It can be very difficult to explain the pros and cons of this approach to the parents of a child with this condition. Naturally, most parents are reluctant to consent to surgery on the normal side. Although frontalis suspension surgery performed bilaterally can provide good symmetry in the absence of any complications of the surgery, it is important for the parents to appreciate that this will nevertheless result in an abnormal symmetry, with lag of both eyelids on downgaze. The extirpation of the levator muscle can be undertaken either via an anterior approach, with direct suturing of the sling material (e.g., autogenous fascia lata) to the tarsus, or via a posterior approach, with the sling material placed as a closed technique.

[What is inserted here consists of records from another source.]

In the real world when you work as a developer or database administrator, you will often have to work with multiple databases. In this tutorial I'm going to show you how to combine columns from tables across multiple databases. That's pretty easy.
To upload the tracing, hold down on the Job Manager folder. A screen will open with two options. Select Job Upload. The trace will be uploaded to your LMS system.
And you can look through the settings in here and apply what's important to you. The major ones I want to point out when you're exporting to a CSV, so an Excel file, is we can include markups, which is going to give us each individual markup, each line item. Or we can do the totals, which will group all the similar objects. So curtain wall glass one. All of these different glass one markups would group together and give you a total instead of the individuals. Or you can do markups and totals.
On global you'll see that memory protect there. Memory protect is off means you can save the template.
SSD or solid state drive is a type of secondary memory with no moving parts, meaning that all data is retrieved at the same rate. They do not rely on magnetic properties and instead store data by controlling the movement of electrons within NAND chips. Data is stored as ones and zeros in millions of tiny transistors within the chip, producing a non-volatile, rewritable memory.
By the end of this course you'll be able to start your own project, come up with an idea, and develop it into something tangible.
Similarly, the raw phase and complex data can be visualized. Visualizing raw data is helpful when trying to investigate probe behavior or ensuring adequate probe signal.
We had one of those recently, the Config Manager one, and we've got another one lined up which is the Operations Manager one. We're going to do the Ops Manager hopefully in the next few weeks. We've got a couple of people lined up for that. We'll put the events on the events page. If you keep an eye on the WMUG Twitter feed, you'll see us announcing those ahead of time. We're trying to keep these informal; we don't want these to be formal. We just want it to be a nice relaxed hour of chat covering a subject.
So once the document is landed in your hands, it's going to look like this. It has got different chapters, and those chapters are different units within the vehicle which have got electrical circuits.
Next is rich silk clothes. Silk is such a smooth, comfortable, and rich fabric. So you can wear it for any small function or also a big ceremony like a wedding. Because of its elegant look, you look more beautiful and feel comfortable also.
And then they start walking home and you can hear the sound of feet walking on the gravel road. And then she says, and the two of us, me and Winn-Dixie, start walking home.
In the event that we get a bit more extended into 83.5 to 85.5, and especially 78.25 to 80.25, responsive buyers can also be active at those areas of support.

Aberrant Reinnervation of the Oculomotor Nerve
With aberrant reinnervation of the oculomotor nerve, there is an innervational anomaly within the neural sheath between the eyelid and other targets of the oculomotor nerve. It is characterized by inappropriate eyelid and extraocular muscle synkinesis. The disorder typically follows trauma or compression of the oculomotor nerve. The management of this disorder is particularly difficult. The aberrant eyelid movements can be halted by extirpating the levator muscle, which is followed by placement of a frontalis sling. The absence of a Bell’s phenomenon, however, places the patient at risk of exposure keratopathy. For this reason an initial trial of the use of a polypropylene suture is wise, because it is readily reversible.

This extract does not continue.